FAYETTEVILLE -- A rezoning that could allow restaurants, shops, homes, offices and other uses next to the Fayetteville Public Library passed the Planning Commission Monday and will go before the City Council.
Commissioners unanimously passed the request for two lots southwest of the library near West Avenue and Rock Street. The lots are at 119 and 127 S. West Ave., and have two homes on them, one built in 1886 and another in 1916, according to Washington County records. Combined, the lots make up less than half an acre.
To learn more about the zoning district proposed next to the Fayetteville Public Library, go to:
W. Cal Canfield, a local architect and builder, referred to his idea for the lots as the Rainey Street concept. Rainey Street is a historic neighborhood and entertainment district in downtown Austin, Texas.

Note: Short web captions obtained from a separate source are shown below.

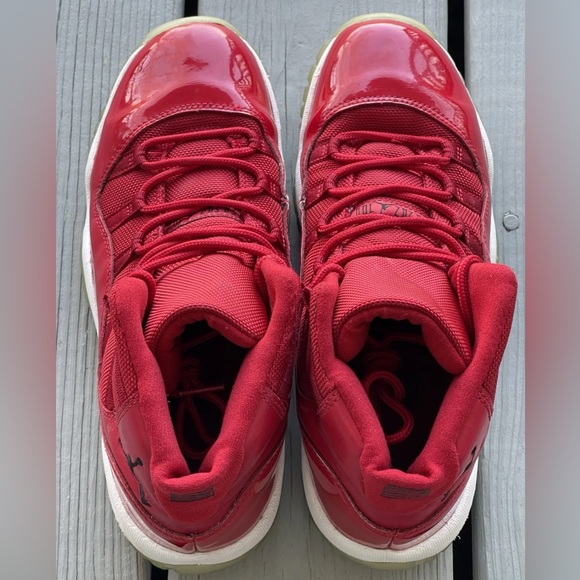 Air Jordan 11 Retro Win Like 96 Gradeschool Size 7Y Or Wmns Size 8.5 378038-623 - Picture 7 of 12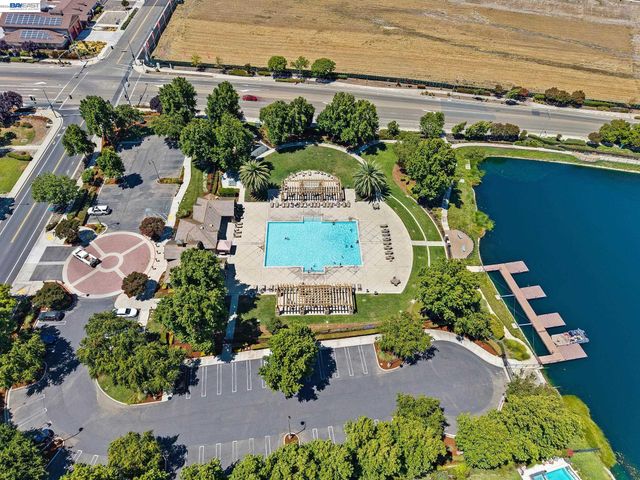 2771 Manresa Shore Ln, Oakley, CA 94561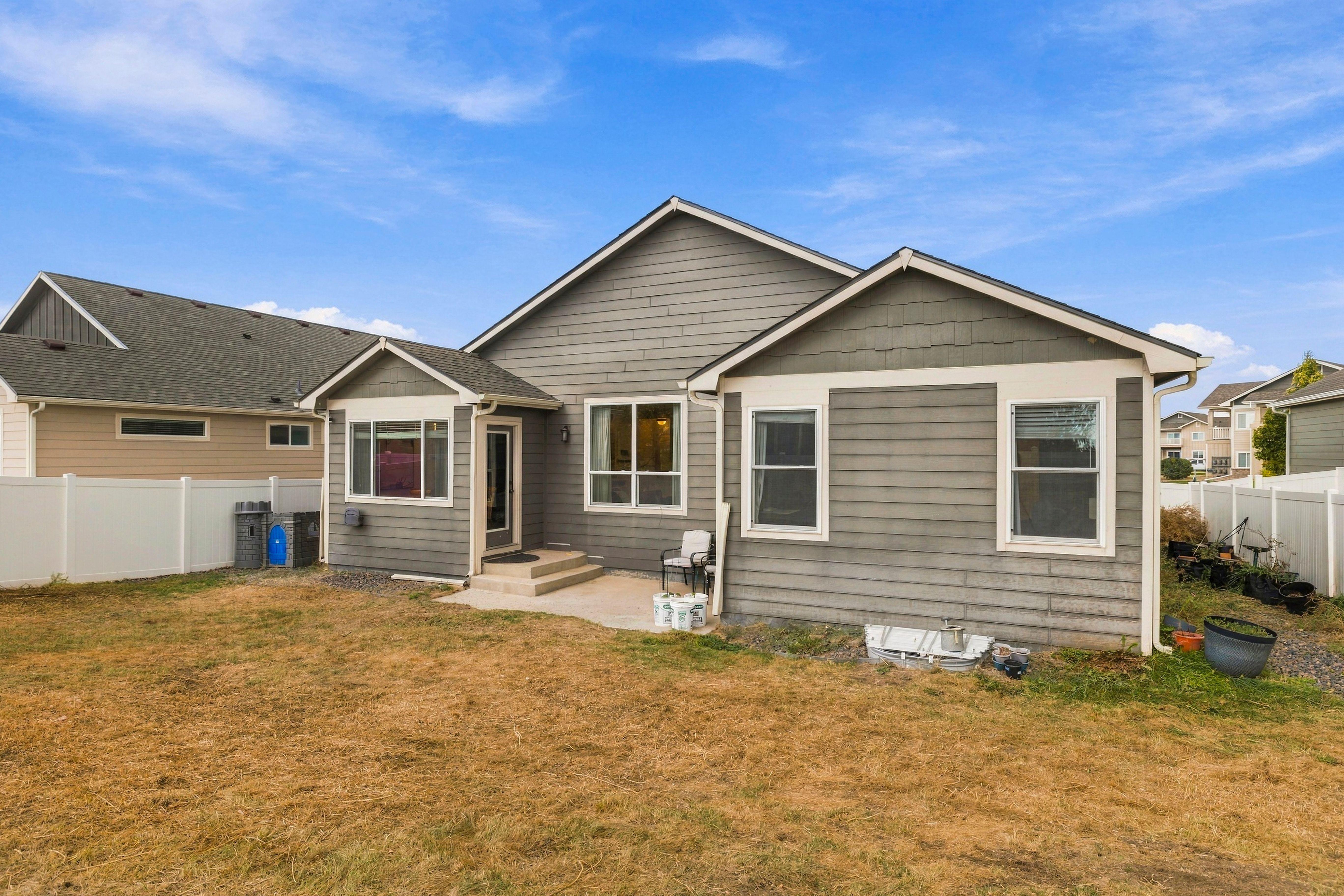  5 Bedrooms, Finished Basement, Solar Paid Off at Closing, I-25 Access - 物件實景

Canfield said it was his intention to bring a mix of commercial and residential uses similar size and scale with the neighborhood. He said his request was inspired by the development of the cultural arts corridor downtown and the library's expansion that's under construction.
"I see no reason why we can't maintain the residential quality of the neighborhood while still valuing the diversity of added services and benefits to those who occupy the area," Canfield said.
Voters in April approved construction of the arts corridor, which will involve turning the Fay Jones woods west of the library into a nature attraction and building a civic space at the southwest corner of Dickson Street and West Avenue. Voters in 2016 also approved expanding the library by more than 80,000 square feet.
The lots under the request would change from a strictly residential district to one called main street center. That zoning district allows a wide variety of uses, including all kinds of residential to eating places, studios, hotels, motels and cultural and recreational facilities.
Under the proposed zoning, a building of up to five stories is allowed if it's within 15 feet of the front property line. A seven-story building is allowed in the back of the lot, farther than 15 feet, according to city code. Building height maximum is three stories under the current zoning.
During the library's board meeting, which was held before the Planning Commission, Executive Director David Johnson stressed concern about the possibility of a large building obstructing the view to the west.
"I don't think a five-story facility is what we are looking for," he told the board.
Planning Commissioner Leslie Belden said she supported the ideas Canfield shared, but reminded commissioners a different property owner could build up to a seven-story building if the lots were ever sold.
"We're not being asked to approve his idea of what he would build," she said. "We're being asked to rezone it."
Commissioner Zara Niederman said the rezoning would encourage a variety of possibilities that would incorporate both the street and the trail on the west side of the lots in their design.
The City Council will make the final decision on the rezoning.